The private sector is also grappling with the practicalities. There has been
a plethora of creative initiatives, but achieving culture shifts and
mainstreaming diversity and equality into organisational structures is proving
a hard nut to crack.
There’s been success in getting business leaders to authorise and sponsor
activity, but we still have a long way to go in getting line managers to
reinforce and own it. Chucking diversity training at the problem may have been
the response by certain less than committed constabularies, but it is quite
obviously not the answer.
Industry chiefs understandably want to know how much transformation has
occurred down the line on race and equality because the development money they
have put in isn’t instantly recognisable on the ground.
For the police, improvements have not been substantial in the past five
years since the Stephen Lawrence inquiry, and good intentions haven’t been
matched by sufficient action. In the private sector, the big challenge is
building diversity and equality strategies into business plans and performance
measures, and then assessing the impact on organisational results.

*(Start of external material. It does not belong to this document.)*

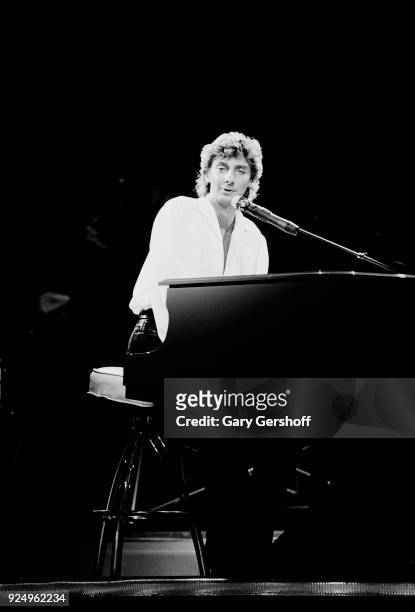 American Jazz and Pop musician Barry Manilow plays piano as he performs onstage at Radio City Music Hall , New York, New York, October 30 1984.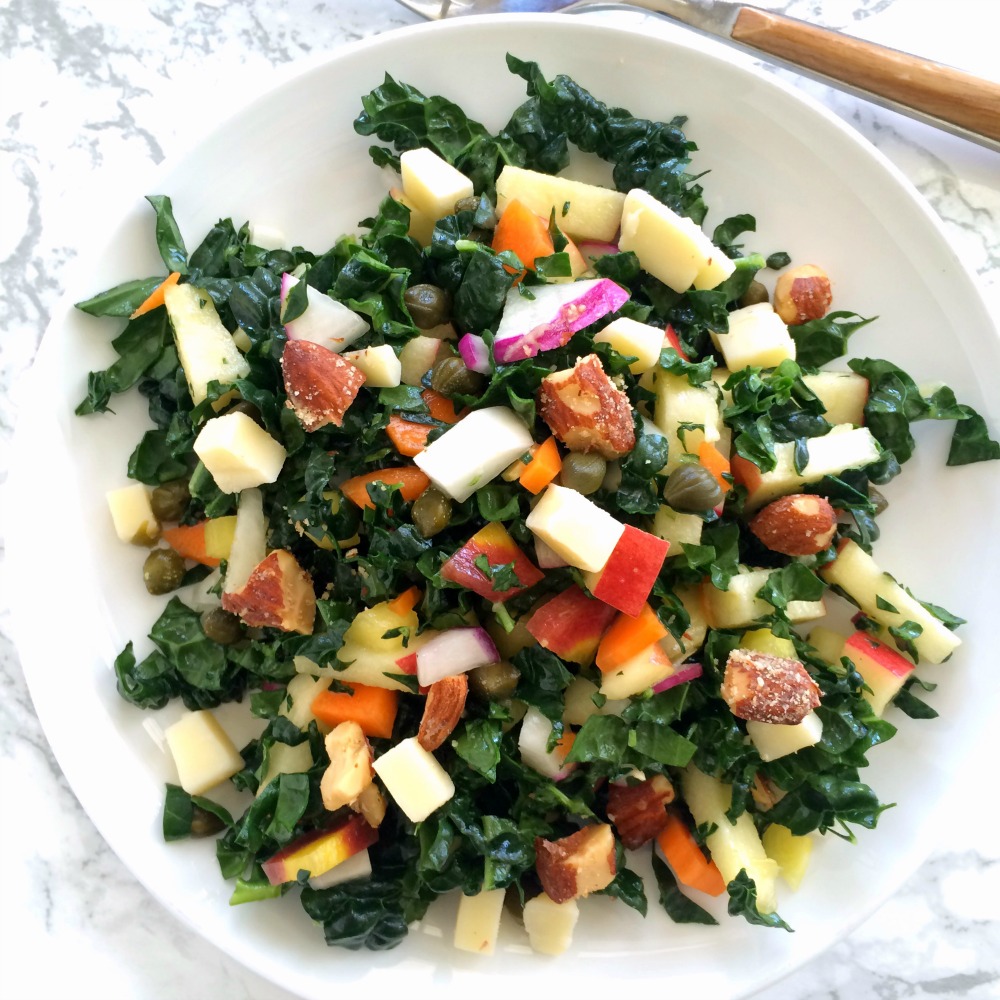 Kale Salad with diced vegetables and fruits on a white plate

Line managers, as always, are the key to embedding new behaviours into the
wiring and plumbing of an organisation. They often want to respond positively
to diversity and equality, but need help in addressing it properly with the
right skills. Some are disadvantaged twice over when they are led by senior
management teams who are at best neutral about it, and at worst, see it as a
load of nonsense.
‘Stealth racism’ is emerging as a new term to describe those who are
prejudiced, but know how to hide it and avoid breaking the law. Clearly, we’re
entering a new tough phase in tackling racism. Zero tolerance is the only
sensible response if the Race Relations Act is to mean anything at all.